Atticus Opens New Market In East Rock

Thomas Breen photo

Inside the renovated 771 Orange St.

Atticus CEO Negaro: A market that keeps people in New Haven.

Seven floors, four ceilings, two storefronts, and 15 months of renovations later, the longtime downtown cafe and bookstore Atticus has opened up a second shop in East Rock.

The new Atticus outpost opened its glass doors to the public for the first time on Monday.

Hungry shoppers walked in and out of the 771 Orange St. space for the first time since the former neighborhood Italian grocery store Romeo and Cesare’s shuttered in December 2019.

Atticus Cafe and Bookstore CEO Charlie Negaro, Jr. said that the family-owned business, which has been on Chapel Street for 45 years and which also runs the Chabaso Bakery on James Street, has been looking to expand its local operations for about a decade.

We see this concept as a place to pay living wages to our staff, bring local food businesses to fruition, and help turn New Haven into a city that is less transient,” he said about the new Orange Street spot.

With those goals in mind, the Orange Street location will be focused primarily on food — on the sandwiches, salads, pastries, and bread that Atticus customers know so well; on fresh produce and perishables; and on new food products emerging from homegrown entrepreneurs.

That push to make, sell, and promote the food-work of locals — known as The CT Food Launchpad—is kicking off with partnerships with Sanctuary Kitchen and Huneebee Project.

Negaro said the Orange Street store’s shelves now boast the former’s za’atar rolls and keyk kadoo (squash cakes) and the latter’s salted honey tarts, in addition to everything from Cato Corner Farm cheese to Inka Crops plantain chips to arugula and artichokes and poblano peppers to, of course, loaves of Atticus’s country sourdough bread.

Negaro also said construction crews spent quite a bit of time peeling back fixtures and additions that Romeo and Cesare’s had installed in order to reach the high-ceilinged, open floor-plan space of the new Atticus market.

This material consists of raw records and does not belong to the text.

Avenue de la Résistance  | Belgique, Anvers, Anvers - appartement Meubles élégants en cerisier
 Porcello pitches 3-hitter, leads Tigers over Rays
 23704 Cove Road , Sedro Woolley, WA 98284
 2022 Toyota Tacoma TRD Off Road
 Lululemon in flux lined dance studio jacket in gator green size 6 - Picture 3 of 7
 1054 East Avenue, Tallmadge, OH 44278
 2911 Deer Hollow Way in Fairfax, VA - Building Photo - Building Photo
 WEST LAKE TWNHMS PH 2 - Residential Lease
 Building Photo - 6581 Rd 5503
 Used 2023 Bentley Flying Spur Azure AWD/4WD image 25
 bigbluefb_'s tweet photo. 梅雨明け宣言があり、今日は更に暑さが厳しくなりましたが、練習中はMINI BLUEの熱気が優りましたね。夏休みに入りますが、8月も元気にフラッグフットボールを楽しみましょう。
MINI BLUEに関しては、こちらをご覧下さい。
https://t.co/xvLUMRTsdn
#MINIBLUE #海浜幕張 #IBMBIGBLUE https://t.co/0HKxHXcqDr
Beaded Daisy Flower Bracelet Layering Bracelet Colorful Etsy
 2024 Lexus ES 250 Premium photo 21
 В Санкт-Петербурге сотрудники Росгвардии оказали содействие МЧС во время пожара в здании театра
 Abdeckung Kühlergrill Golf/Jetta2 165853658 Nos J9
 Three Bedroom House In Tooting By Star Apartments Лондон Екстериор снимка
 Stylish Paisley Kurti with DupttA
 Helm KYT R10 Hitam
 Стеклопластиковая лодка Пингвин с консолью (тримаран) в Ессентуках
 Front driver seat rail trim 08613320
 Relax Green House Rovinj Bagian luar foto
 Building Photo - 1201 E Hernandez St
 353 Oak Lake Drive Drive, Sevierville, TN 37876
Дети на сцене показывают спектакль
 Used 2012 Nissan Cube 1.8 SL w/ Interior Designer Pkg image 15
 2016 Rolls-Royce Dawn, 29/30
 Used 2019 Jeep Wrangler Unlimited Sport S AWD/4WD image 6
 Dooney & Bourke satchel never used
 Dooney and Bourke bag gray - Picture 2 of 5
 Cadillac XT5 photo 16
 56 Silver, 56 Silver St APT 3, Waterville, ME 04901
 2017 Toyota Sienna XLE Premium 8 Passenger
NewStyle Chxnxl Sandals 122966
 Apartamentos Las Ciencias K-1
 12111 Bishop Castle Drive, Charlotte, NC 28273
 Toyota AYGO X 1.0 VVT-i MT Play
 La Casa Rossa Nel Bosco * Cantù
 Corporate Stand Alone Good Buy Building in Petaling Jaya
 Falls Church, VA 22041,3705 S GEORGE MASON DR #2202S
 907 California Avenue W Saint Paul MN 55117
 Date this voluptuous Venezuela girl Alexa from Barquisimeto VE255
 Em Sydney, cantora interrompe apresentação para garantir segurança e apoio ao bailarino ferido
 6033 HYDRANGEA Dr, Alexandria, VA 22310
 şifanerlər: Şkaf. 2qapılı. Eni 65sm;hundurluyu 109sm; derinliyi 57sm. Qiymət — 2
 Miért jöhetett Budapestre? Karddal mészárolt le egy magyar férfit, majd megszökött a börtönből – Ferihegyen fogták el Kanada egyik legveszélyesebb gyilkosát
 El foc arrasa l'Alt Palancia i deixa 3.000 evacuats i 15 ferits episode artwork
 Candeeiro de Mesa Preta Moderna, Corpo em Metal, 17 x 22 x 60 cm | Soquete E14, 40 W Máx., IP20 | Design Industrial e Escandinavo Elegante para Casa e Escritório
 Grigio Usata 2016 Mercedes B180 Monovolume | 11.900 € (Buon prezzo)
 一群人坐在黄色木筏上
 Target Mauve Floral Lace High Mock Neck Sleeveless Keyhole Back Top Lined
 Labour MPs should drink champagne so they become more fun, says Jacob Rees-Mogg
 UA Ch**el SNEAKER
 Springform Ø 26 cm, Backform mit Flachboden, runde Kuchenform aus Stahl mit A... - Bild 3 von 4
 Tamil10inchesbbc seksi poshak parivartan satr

That meant taking away four layers of ceiling and seven layers of floor as well as two storefronts, he said.


We needed some more shelves,” Atticus and Chabaso Communications Director Reed Immer (pictured) said when asked why the businesses wanted to expand from its longtime downtown shop into a second location in East Rock.

The ample floor and shelf space at the gut-renovated Orange Street market provides much more opportunity than the current Chapel Street spot to make available fresh, prepared, and packaged food alike.

He said Atticus also plans on hosting events on the brick patio in front of the space’s Orange Street entrance — which itself shows a facade newly revealed after the peeling away of Romeo and Cesare’s former awnings. Those events will likely be some kind of mini- or pop-up market showcasing the wares of one of the CT Food Launchpad’s local food entrepreneurs.

We wanted to created a place where people have such a great experience” that they want to stay in New Haven, Negaro said.

Negaro and Atticus operational manager Brandi Hawkins said that the new store will be open seven days a week, from 8 a.m. to 6 p.m., and has just under 20 employees to start.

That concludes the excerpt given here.